Purpose . The purpose of the plan is to provide incentives
to attract, retain and motivate eligible persons whose present and
potential contributions are important to the success of VOICESERVE,
INC., a Delaware corporation (the “Company”), by
offering them an opportunity to participate in the Company’s
future performance through awards of Options and Restricted Stock.
Capitalized terms not defined in the text are defined in Section
22.
2.
Shares Subject to the Plan; Per-Person Award
Limitation.
2.1
Number of Shares Available . Subject to Sections 2.2 and 17,
the total number of Shares reserved and available for grant and
issuance pursuant to the Plan shall be Two Million (2,000,000)
Shares. Subject to Sections 2.2 and 17, Shares shall again be
available for grant and issuance in connection with future Awards
under the Plan that: (a) are subject to issuance upon exercise of
an Option but cease to be subject to such Option for any reason
other than exercise of such Option; (b) are subject to an Award
granted hereunder but are forfeited; or (c) are subject to an Award
that otherwise terminates without Shares being issued.
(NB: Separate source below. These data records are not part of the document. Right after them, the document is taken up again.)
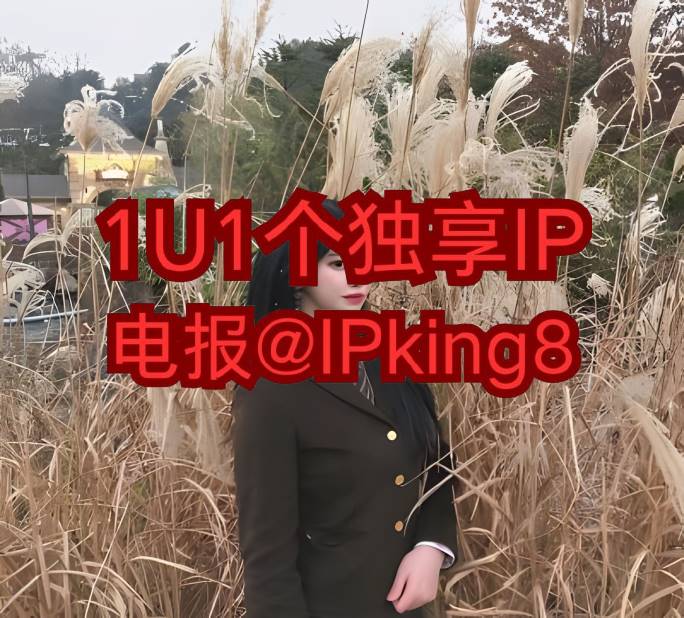 AlexakingB's tweet photo. 👹 🤡 🤖 😧 😯
养号IP https://t.co/AN09jr4J6z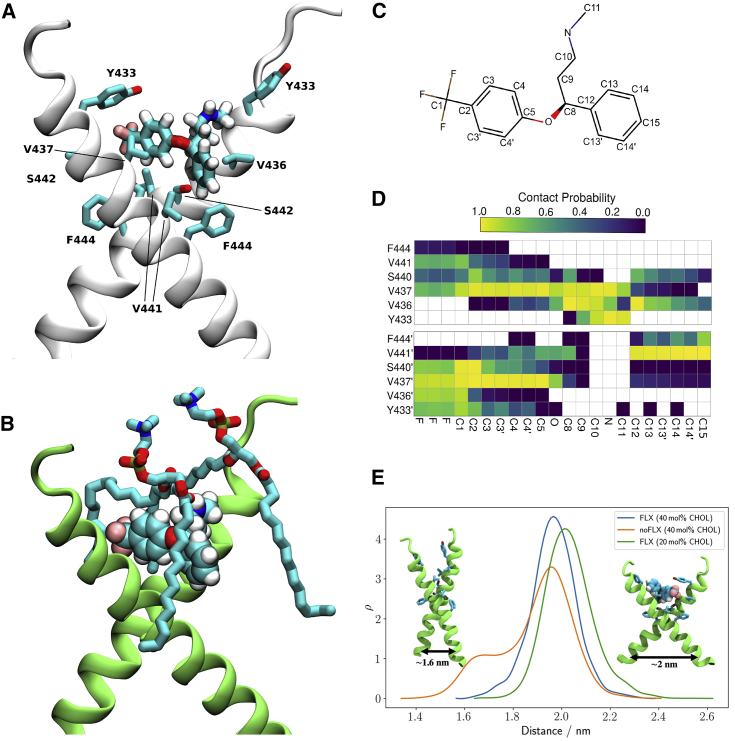 Figure 3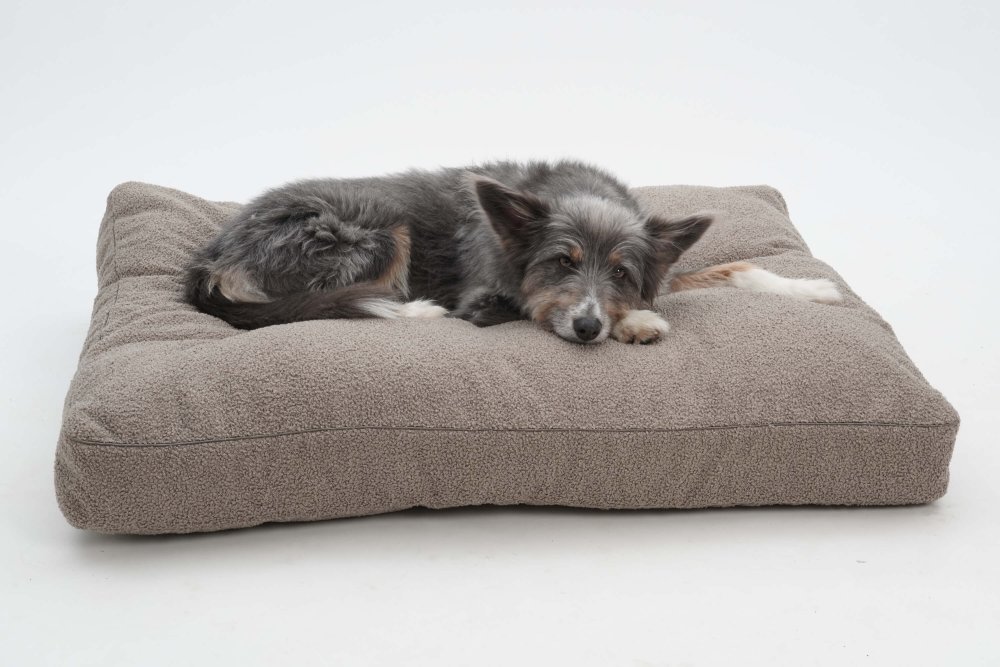 Dog Bed Cushion Paddy stone
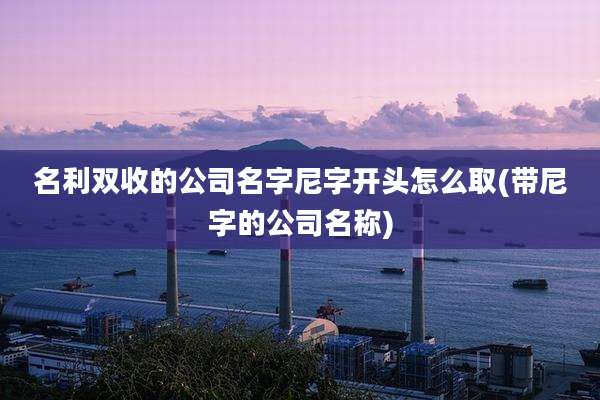 名利双收的公司名字尼字开头怎么取(带尼字的公司名称)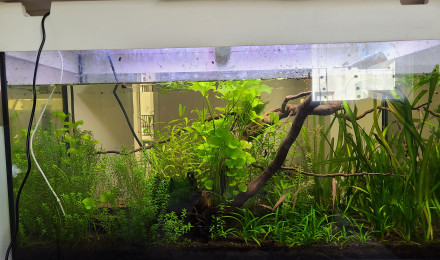aquarium Walstad 100L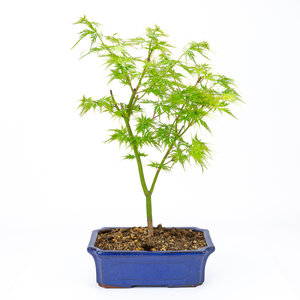 Acer palmatum Seiryu blauwe mokko 23cm, height ~40cm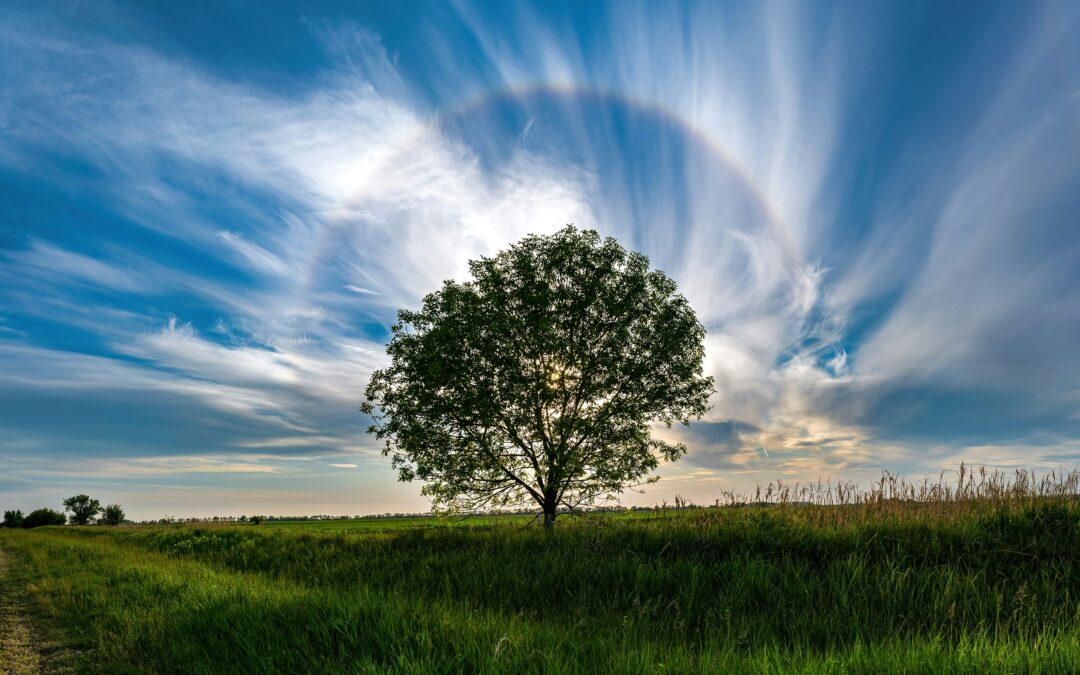 Baum mit blauem Himmel und Regenbogen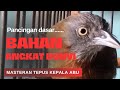 ️MASTERAN TEPUS KEPALA ABU PANCINGAN SUARA DASAR UNTUK MEMBUAT BURUNG BAHAN ANGKAT BUNYI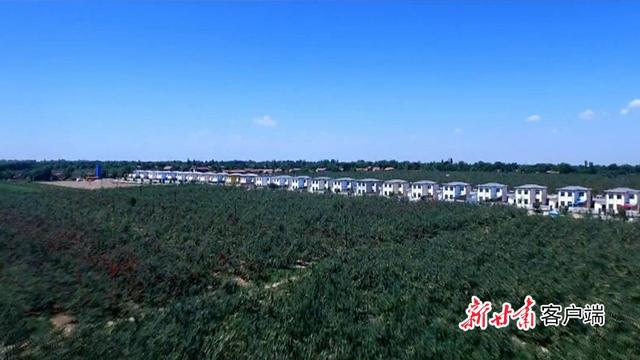 小苹果怎么种植_小苹果种植技术_小苹果种植致富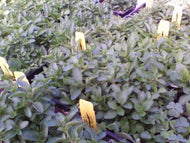 Origanum vulgare 'Compacta Nana' (4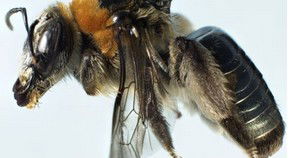 Western Australian Museum - Darwin Tourism 0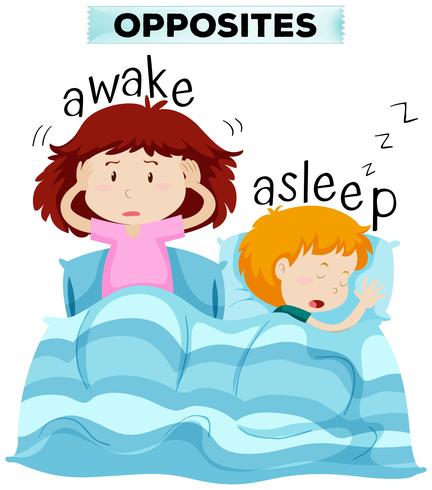 Opposite words for awake and asleep vector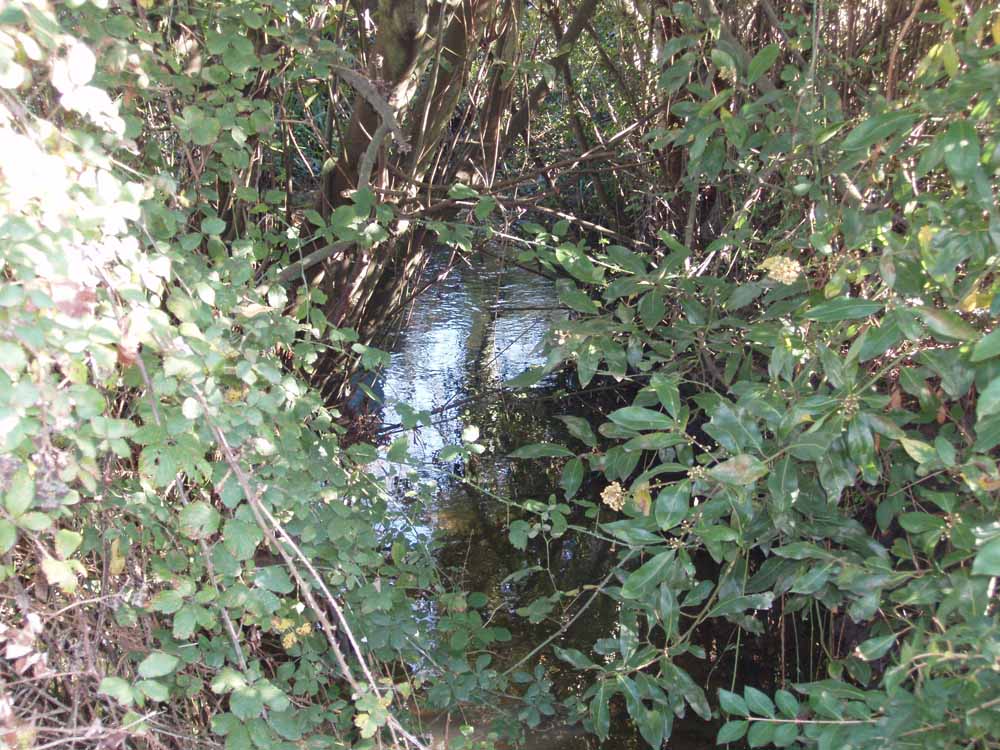 Foto de Santa Cruz - Oleiros (A Coruña), España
Subject to
Sections 2.2 and 17, in no event shall the aggregate number of
Shares that may be issued pursuant to incentive stock options
exceed Two Million (2,000,000) Shares.
2.2
Adjustment of Shares . In the event that the number of
outstanding Shares is changed by a stock dividend,
recapitalization, stock split, reverse stock split, subdivision or
similar change in the capital structure of the Company without
consideration, then: (a) the number of Shares reserved for issuance
under the Plan; (b) the Exercise Prices of and number of Shares
subject to outstanding Options; and (c) the number of Shares
subject to other outstanding Awards shall be proportionately
adjusted, subject to any required action by the Board or the
shareholders of the Company and in compliance with applicable
securities laws.
2.3
Individual Award Limitation . Notwithstanding any other
provision in this Plan, and in addition to any requirements of this
Plan, the maximum number of Shares granted hereunder to any one
Participant may not exceed twenty percent (20%) of the total Shares
subject to the Plan (subject to adjustments as provided in Sections
2.2 and 17 hereof).
3.1 General . All Awards set forth herein
may be granted to employees, officers, directors, consultants and
advisors of the Company or Affiliate of the Company, provided such
consultants and advisors render bona fide services not in
connection with the offer and sale of securities in a
capital-raising transaction. A person may be granted more than one
Award under the Plan.
4.1 Compensation Committee . The Plan
shall be administered by a committee ("Committee") appointed by the
Company's Board of Directors. The membership of the Committee shall
be constituted so as to comply at all times with the then
applicable requirements for “outside directors” of Rule
16b-3 promulgated under the Exchange Act and Section 162(m) of the
Code. Any determination made by the Committee with respect to any
Award shall be made in its sole discretion at the time of grant of
the Award or, unless in contravention of any express term of the
Plan or Award, at any later time, and such determination shall be
final and binding on the Company and all persons having an interest
in any Award under the Plan.
4.2 Committee Authority . Subject to the
general purposes, terms and conditions of the Board, the Committee
shall have full power to implement and carry out the Plan. The
Committee may delegate to one or more officers of the Company the
authority to make recommendations to grant an Award under the Plan
to Participants who are not Insiders of the Company. The Committee
shall have the authority to:
|
|
|
construe and interpret the Plan, any
Award Agreement and any other agreement or document executed
pursuant to the Plan;
|
|
|
|
recommend to the Board amendments to
the rules and regulations relating to the Plan;
|
|
|
|
select the persons to receive
Awards;
|
|
|
|
determine the form and terms of
Awards;
|
|
|
|
determine the number of Shares or
other consideration subject to Awards;
|
|
|
|
determine whether Awards will be
granted singly, in combination, in tandem with, in replacement of,
or as alternatives to, other Awards under the Plan or any other
incentive or compensation plan of the Company or Affiliate of the
Company;
|
|
|
|
determine the granting of certain
waivers of Plan or Award conditions;
|
|
|
|
determine the conditions concerning
the vesting, exercisability and payment of Awards;
|
|
|
|
recommend to the Board such matters
so as to correct any defect, supply any omission, or reconcile any
inconsistency in the Plan, any Award or any Award
Agreement;
|
|
|
|
determine whether an Award has been
earned; and
|
|
|
|
make all other determinations
necessary or advisable for the administration of the
Plan.
|
4.3 Exchange Act Requirements . If the
Company is subject to the Exchange Act, the Company will take
appropriate steps to comply with the disinterested director
requirements of Section 16(b) of the Exchange Act, including but
not limited to, the appointment by the Board of a committee
consisting of not less than two persons (who are members of the
Board), each of whom is a Disinterested Person.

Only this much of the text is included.